If the Albuquerque District is right, then the CWA does not apply across a vast swath of the Western United States where similar closed basins predominate the landscape. Fortunately, the District's categorical position is not supported by the caselaw either before or after SWANCC. There are several alternative lines of cases relevant to the question. One involves cases that have found a sufficient hydrological connection through "tributary groundwater." Though the pre‑SWANCC cases are split, the majority view is that groundwater can, under the right circumstances, provide the necessary link to navigable waters.[50] One case directly relevant to the New Mexico situation is Quivera Mining Co. v. USEPA,[51] where the Tenth Circuit, which includes New Mexico, stated: "[T]he waters of the Arroyo del Puerto and the San Mateo Creek soak into the earth's surface, become part of the underground aquifers and after a lengthy period, perhaps centuries, the underground water moves toward eventual discharge at Horace Springs or the Rio San Jose."[52] In a subsequent decision, the New Mexico District Court applied Quivira Mining to establish CWA jurisdiction via groundwater in Friends of Santa Fe County v. LAC Minerals, Inc.[53]

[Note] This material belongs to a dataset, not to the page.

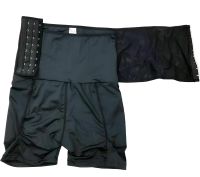 Corrective panties-shorts Body Hip Pants for buttocks enlargement with an overstated high waist and push-up effect, thigh-tightening Black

Several post‑SWANCC cases have also found a groundwater connection sufficient to establish CWA jurisdiction. For example, in Idaho Rural Council v Bosma,[54] the court found that "the CWA extends federal jurisdiction over groundwater that is hydrologically connected to surface waters that are themselves waters of the United States."[55] The court rationalized this result as follows: "Stated even more simply, whether pollution is introduced by a visible, above‑ground conduit or enters the surface water through the aquifer matters little to the fish, waterfowl, and recreational users which are affected by the degradation of our nation's rivers and streams."[56]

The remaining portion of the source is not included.